2. Sex of the Fungi That Cause Infections

Sex occurred early in evolution, and most eukaryotes enter the sexual cycle during their lifetime. Sex is costly and inefficient because nonidentical haploid gametes are required, meaning that two parent organisms are needed for each offspring. Maintaining two mating partners reduces the fitness of the parent organisms. However, the benefits of sex appear to outweigh the efficiency of mitotic reproduction. Most biologists believe that the purpose of sex is to create diversity among the offspring [3,11,12].
Mating types in fungi are the equivalent of sexes in humans. Just over a decade ago, pathogenic fungi were thought to reproduce only asexually, mitotically, and mostly clonally. However, accumulating genetic evidence in the genomes of fungal species indicates that most (human pathogenic) fungi have retained all the necessary predispositions for sexual reproduction (hidden sex). Fungi may have a heterothallic sexual cycle in which different mating types mate and promote outbreeding. Another possibility is a homothallic sexual cycle, in which organisms are self-fertile, promoting inbreeding. In fungal evolution, the transition between heterothallic and homothallic lifestyles is common. The transition from outcrossing to self-fertilization allows the species to expand in a niche where the probability of encountering the other mating type is low. Maintenance of mating partners is not required for parasexual reproduction. The advantages of mating similar cells are not obvious at first glance, but even a small amount of cross-fertilization is sufficient to maintain diversity. The heterothallic or homothallic sexual (including parasexual) process itself can directly influence virulence, the formation of resistant spores, and the modulation of host cell interactions [3,11,12,13].
In most cases, (more) infective strains have been identified at the species level when fungal pathogen has been identified; these strains have usually been isolated as asexual forms of the causative fungus. Current knowledge of the characteristics of sexual and asexual reproduction of fungal pathogens that more commonly infect humans in most regions studied, e.g., Aspergillus, Cryprococcus, and Candida, and of the diseases they cause, is briefly summarized here.
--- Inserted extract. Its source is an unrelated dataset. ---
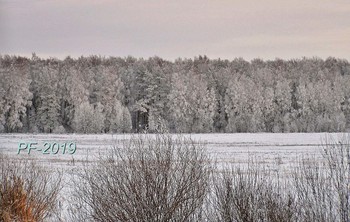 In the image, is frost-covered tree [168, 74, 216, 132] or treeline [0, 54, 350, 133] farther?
frost-covered tree [168, 74, 216, 132]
2.1. Aspergillus Diseases and Reproduction of the Fungus Aspergillus fumigatus

Fungi of the genus Aspergillus, e.g., A. fumigatus, are widespread, ubiquitous fungi that live both indoors and outdoors. While most people are exposed to the spores of the fungus Aspergillus on a daily basis without harm, immunocompromised individuals are at higher risk of developing health problems caused by this fungus. Since this fungus remains an important human pathogen, its biology, pathogenesis, molecular biology, and virulence factors of A. fumigatus have been described in detail [14,15,16,17,18,19,20]. The success of the spread of A. fumigatus has been attributed to the following factors: the ability to survive and grow under many environmental conditions (i), efficient aerial dispersal (ii), physical characteristics that allow conidia to reach distal sites of the respiratory tract (iii), and rapid adaptation to the host environment (iv) [11,21].
The disease caused by the fungus Aspergillus is referred to as aspergillosis, with some forms being mild and others severe [22]. Invasive aspergillosis causes severe infection of the lungs and can spread to other parts of the body; it usually affects people with a weakened immune system [22]. The number of cases of invasive aspergillosis caused by A. fumigatus is increasing due to the increasing number of medical procedures that compromise the ability of the patient’s immune system to control infections. These cases are difficult to diagnose, so treatment is often not initiated in a timely manner [23]. Chronic pulmonary aspergillosis is an infection of the pulmonary cavity that can be long-lasting [22]. Cutaneous aspergillosis occurs when the fungus enters the body through skin damage and causes infection, usually in people with weakened immune systems [22]. Allergic bronchopulmonary aspergillosis causes inflammation of the lungs and allergic symptoms such as cough and wheezing, while allergic aspergillus sinusitis causes inflammation of the paranasal sinuses and symptoms of sinusitis; neither leads to infection [22]. In addition, aspergilloma, a fungal nodule that grows in the lungs or sinuses, does not usually spread to other parts of the body
The filamentous fungus A. fumigatus reproduces mainly asexually, by mitotic division of haploid cells and by the formation of asexual conidiospores. In rare cases, heterothallic mating between MAT1-1 and MAT1-2 may also occur. During mating, cleistothecia are formed that contain multiple ascospores. In the fungus A. fumigatus, sexual reproduction and virulence are related: mating type MAT1-1 is associated with increased invasive growth and is more virulent than mating type MAT1-2. The formation of recombinant strains contributes to altered resistance to antifungal drugs [11].
Doubts have also been raised about the role of mating type in the virulence of A. fumigatus. Therefore, researchers generated nearly identical strains of A. fumigatus with opposite mating types, which allowed a more accurate test of whether different mating types have different virulence abilities. No differences in virulence were detected between these two strains of A. fumigatus in the two infected strains of mice and Galleria mellonella larvae, which may indicate that mating type does not affect virulence and the emergence of azole-resistant strains [23]. Infection of humans with these two recombinant strains for definitive confirmation is highly unethical.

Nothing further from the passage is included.